▶ [WHAT YOU NEED TO DO]
Within this listing, how many lines include the word "Casa"? Only the number should be given.

▶ [DATA TO EXAMINE]
::::::::

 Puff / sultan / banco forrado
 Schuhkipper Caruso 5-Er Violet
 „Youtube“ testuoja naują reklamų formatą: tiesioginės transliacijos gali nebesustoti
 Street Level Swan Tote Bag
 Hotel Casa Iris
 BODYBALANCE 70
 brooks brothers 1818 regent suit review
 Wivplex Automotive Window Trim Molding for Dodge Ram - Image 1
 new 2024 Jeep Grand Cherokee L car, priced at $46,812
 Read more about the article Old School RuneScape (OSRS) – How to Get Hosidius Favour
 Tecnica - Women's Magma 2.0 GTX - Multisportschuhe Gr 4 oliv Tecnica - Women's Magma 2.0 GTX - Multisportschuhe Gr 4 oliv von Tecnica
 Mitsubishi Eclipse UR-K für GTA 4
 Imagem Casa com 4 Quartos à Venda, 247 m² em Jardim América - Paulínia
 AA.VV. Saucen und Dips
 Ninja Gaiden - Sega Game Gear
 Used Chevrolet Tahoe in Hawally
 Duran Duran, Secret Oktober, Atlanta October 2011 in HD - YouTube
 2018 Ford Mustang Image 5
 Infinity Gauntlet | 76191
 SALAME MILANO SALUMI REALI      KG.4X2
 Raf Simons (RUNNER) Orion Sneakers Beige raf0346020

::::::::

▶ [YOUR RESPONSE]
2